* _ASSIGNED TASK_: What is needed is an exact copy of the lines in the listing below, from the one with "32364 Birchwood Lane, Avon" up to and including the one with "Private Coastline and", with no other lines.

* _DATASET CONTENT_:
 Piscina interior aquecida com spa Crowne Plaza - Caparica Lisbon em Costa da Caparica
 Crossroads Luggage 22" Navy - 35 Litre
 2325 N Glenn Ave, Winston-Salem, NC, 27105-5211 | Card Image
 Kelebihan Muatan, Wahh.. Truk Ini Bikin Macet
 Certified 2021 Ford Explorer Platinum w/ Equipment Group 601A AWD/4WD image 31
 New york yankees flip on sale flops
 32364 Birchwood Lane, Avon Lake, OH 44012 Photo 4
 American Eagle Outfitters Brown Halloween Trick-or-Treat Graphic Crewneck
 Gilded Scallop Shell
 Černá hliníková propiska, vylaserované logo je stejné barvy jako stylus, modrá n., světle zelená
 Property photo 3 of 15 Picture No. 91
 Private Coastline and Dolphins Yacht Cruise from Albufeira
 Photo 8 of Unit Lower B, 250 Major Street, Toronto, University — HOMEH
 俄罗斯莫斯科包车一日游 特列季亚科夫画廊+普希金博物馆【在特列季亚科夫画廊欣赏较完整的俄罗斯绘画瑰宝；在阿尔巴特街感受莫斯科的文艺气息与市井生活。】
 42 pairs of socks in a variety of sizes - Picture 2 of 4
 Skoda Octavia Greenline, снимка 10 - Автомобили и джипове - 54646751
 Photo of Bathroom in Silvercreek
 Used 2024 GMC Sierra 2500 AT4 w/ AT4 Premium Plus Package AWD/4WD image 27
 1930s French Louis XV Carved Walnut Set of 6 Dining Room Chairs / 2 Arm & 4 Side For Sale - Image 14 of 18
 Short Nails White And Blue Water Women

* _SOLUTION TO THE EXERCISE_:
 32364 Birchwood Lane, Avon Lake, OH 44012 Photo 4
 American Eagle Outfitters Brown Halloween Trick-or-Treat Graphic Crewneck
 Gilded Scallop Shell
 Černá hliníková propiska, vylaserované logo je stejné barvy jako stylus, modrá n., světle zelená
 Property photo 3 of 15 Picture No. 91
 Private Coastline and Dolphins Yacht Cruise from Albufeira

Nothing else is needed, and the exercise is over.